Anne Stone is a Canadian writer, teacher, and editor.
Born in Toronto, Ontario, Stone now lives in Vancouver. She studied in Montreal at Concordia University, where she received a Bachelor of Arts in English Literature (1994) and at McGill University, where she earned a Master of Arts in English Literature (1997). Her thesis consisted of an experimental novel (“De’ath Sound”) and a critical afterward; the short poetic novel, retitled Hush, was published by Insomniac Press in 1999. In 2005, Julie Boulanger wrote her thesis on this novel (“What Language is This?: A Study of Abjection in Djuna Barnes's Nightwood and Anne Stone's Hush.)

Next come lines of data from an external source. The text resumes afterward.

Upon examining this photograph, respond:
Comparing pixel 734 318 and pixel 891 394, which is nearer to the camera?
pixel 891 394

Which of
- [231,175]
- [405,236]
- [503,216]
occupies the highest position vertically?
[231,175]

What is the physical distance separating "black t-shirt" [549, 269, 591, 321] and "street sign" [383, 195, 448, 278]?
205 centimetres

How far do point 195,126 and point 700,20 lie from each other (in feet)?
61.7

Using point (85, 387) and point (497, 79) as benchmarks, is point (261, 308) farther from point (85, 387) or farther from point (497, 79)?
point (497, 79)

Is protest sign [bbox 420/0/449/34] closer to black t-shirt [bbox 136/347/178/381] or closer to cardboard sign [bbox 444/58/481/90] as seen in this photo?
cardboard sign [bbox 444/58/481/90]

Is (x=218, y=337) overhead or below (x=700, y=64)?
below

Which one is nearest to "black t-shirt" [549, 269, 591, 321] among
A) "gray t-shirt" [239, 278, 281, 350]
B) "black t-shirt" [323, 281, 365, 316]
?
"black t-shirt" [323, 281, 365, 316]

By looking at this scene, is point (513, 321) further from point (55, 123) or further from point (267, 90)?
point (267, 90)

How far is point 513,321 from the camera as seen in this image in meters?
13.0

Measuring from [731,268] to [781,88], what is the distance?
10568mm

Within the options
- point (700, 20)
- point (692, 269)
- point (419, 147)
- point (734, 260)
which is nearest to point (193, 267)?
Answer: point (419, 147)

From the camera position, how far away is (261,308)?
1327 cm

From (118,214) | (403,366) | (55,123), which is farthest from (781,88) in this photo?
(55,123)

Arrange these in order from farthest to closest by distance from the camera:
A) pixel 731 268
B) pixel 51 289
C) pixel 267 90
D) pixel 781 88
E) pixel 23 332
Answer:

While set in Mississauga, it has been noted that her third novel, Delible (Insomniac Press, 2006), is reminiscent of the subject of missing women in Vancouver. Delible was named a book of the year by the Globe and Mail (29 Dec. 2007) and long-listed for the Relit Award. Together with activist and teacher Amber Dean, Stone co-edited a special issue of West Coast Line on the issue of murdered and missing women (2007). Between 2007 and 2010, Stone co-edited a fiction imprint at Insomniac Press (Serotonin/Wayside Editions). She teaches English and creative writing at Capilano University.
In 2000, Stone alleged that she ghostwrote the majority of Nega Mezlekia's award-winning memoir Notes from the Hyena's Belly. Mezlekia responded that Stone's role in the book's publication was strictly that of a copy editor, and sued Stone for defamation. Their claims and counterclaims became a significant subject of debate in the Canadian press about the relationship between authorship and editorship of a creative work.

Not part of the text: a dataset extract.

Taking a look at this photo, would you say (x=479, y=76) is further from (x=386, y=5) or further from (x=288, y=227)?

- jacks: a gothic gospel. DC Books, 1998. ISBN 978-0919688230
- Hush. Insomniac Press, 1999. ISBN 978-1895837582
- Delible. Insomniac Press, 2006. ISBN 978-1897178362
- What Will Not Bury. The Heart Does Break: Essays on Grief and Mourning by Canadian Writers. Eds. Jean Baird & George Bowering. Toronto: Randomhouse, 2009. ISBN 978-0-30735-702-1
- Bearing Partial Witness: Representations of Missing Women. Review of Education, Pedagogy and Cultural Studies (2009) 31:2: 221-236.